We also do seem to be seeing more of the shadow cabinet lately, which is very welcome. I think Starmer's overall strategy of prioritising getting the Labour house in order is probably a good one - yes, there's some messy in-fighting along the way, but the previous incarnation was effectively opposition by committee. It needs clearer direction and greater unity than that, which certainly means kicking out the hard left. Doesn't really matter if you or I agree on the previous policies or not - that group were catastrophically unelectable. Change is necessary - there's no point being in politics if you're perpetually out of power. None whatsoever.


5) Where do Labour go from here ?

Uphill, obviously. While Labour at the time of writing are slightly ahead, to get a majority they require a rather thumping lead over the Tories which they're as yet nowhere near. And getting that will be difficult. But there are grounds for optimism : though their traditional voter base has gone, a new one has arisen that presents opportunities :

Asked which two or three groups from a list of nine that the government should help the most, voters across what used to be the class divide selected “ordinary working people” as the top choice followed by the poor and pensioners – some distance ahead of all others.

Importantly, it doesn't really matter how you slice the data - those three groups still come out as top priority. 

Voters of all stripes want a government that helps ordinary workers, pensioners and the poor, but too many think Labour prefers to defend minorities instead of tackling Britain’s everyday economic and social problems.

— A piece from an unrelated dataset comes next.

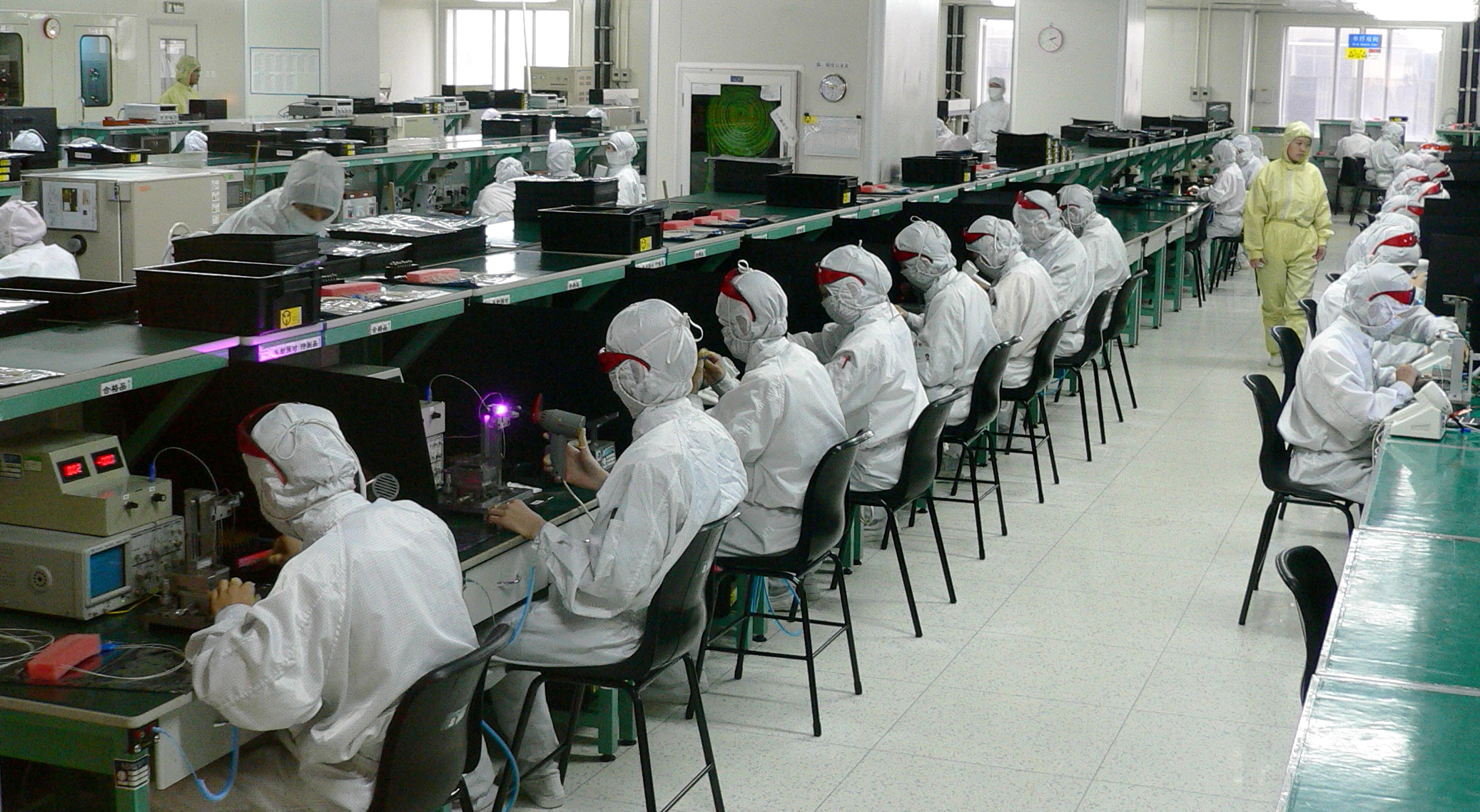 Workers in an electronics component factory in Shenzhen, China, photographed in 2005; archival illustration of manufacturing employment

It’s not so much that these target voters are obsessed by the cultural battles that Labour is doomed to lose. Rather, it is that Labour has gained the reputation of fighting the wrong battles by choice. It risks the most damning of political verdicts: irrelevance to people’s daily lives.

Being a left-leaning liberal does not mean having a fanatical obsession with minorities, which is what "woke", rightly or wrongly, has come to mean in the minds of many. Nor does it mean abandoning progressive policies, still less liberalism itself. There is scope for Labour to climb the still daunting mountain to electoral victory, but it's got to do a lot better than the schoolyard politics of Corbyn's day. 

As in decades gone by, Labour does not need to dilute its liberal values, even when they are opposed by the voters it seeks to attract. Such values become a liability only when they are seen to override Labour’s economic and social priorities... if Labour can reframe these issues as economic and social challenges, in which current government policies damage people’s everyday lives, then Labour has the opportunity to develop policies that are both progressive and popular.